Mr HURFORD (Minister for Housing and Construction and Minister Assisting the Treasurer)(9.26) —I move:

That the Bill be now read a second time.

Some three months ago the Minister for Finance (Mr Dawkins) introduced into this House a Bill by this title. The major purpose of that Bill was to give effect to this Government's election undertaking to recover personal tax avoided by former owners of companies that were the subject of bottom of the harbour schemes. In addition, the Bill was designed to strengthen and improve in several identified areas the legislation passed by the Parliament last year to recoup the company tax that was evaded by the use of these schemes. Honourable members will recall that the Bill, after amendment, was passed by the House but defeated in another place. As foreshadowed by the Treasurer (Mr Keating) in his Budget Speech earlier tonight the Government is now submitting to the Parliament, as an important part of the Budget, a Bill that covers esentially the same ground as the earlier one but which has been changed in significant respects. The principal change concerns the measure of personal tax to be recovered.

Under the earlier Bill, former owners of a stripped company were to be made liable for personal tax on the total after tax accumulated profits effectively received by them as part of the price received for the sale of their shares. The Government has now decided that the recovery of personal tax should be confined to such tax avoided in respect of the liberated after tax profits of those years of income where evasion of primary company tax was involved. In short, the personal tax measures will apply to current year profits. This limitation will mean that personal tax avoided in respect of profits of earlier years that had borne primary company tax will not be within the scope of the legislation as now proposed. Similarly personal tax is not to be recouped in respect of any capital profits of the stripped company, regardless of the year of income in which such profits were derived. Another significant aspect of the proposed limitation is that a liability for avoided personal tax will not arise in respect of any year of income where the only company tax evaded for that year was undistributed profits tax under Division 7 of the Income Tax Assessment Act. I mention also that the time to pay, free of interest, facility inserted in the earlier Bill by amendment in this House has been retained in the present Bill. The Government believes that, with these changes, the legislation is now in a form which responds adequately to the points made in the debate on the earlier Bill.

Mr Deputy Speaker, subject to one exception, the present Bill proposes to strengthen and improve the company tax recoupment measures in the same areas as were proposed in the earlier Bill passed by this House. The exception concerns the proposal under the earlier Bill to simplify the procedures that require copies of notices of company assessments be served on a range of former owners. The passage of time has reduced the administrative advantages which that proposal was designed to provide and has obviated the need for the amendments. The Government has therefore decided not to proceed with these.

For reasons connected with the grounds of a recent constitutional challenge in the High Court of Australia to the validity of the recoupment tax legislation, and about which I will have something to say later, this Bill now proposes a variation to earlier amendments to an evidentiary provision of the recoupment tax legislation. I turn now to the details of the Bill.
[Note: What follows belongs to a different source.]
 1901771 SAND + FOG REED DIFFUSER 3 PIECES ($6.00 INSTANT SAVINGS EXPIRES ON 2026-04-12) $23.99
Measures to Recover Personal Tax

By far the greater part of this Bill is related to amendments to give effect to our decision that the restitution expected of those persons who benefited form the sale of shares in companies that were stripped of pre-tax profits should not be limited to the tax that ought to have been paid by the companies concerned. Rather, those persons should also pay the tax that, as shareholders or other former owners, they escaped through receipt in a non-taxable capital form of after-tax profits that, if the companies had continued to operate as going concerns, would have been taxable as dividends in their hands.

As I mentioned earlier, the recovery of personal tax will, however, be confined to the tax related to after-tax revenue profits of the stripped company for those years of income in respect of which primary company was evaded. In our view it is quite beyond argument that the revenue is just as entitled to have these tax losses made good as it is to have the lost company tax made good.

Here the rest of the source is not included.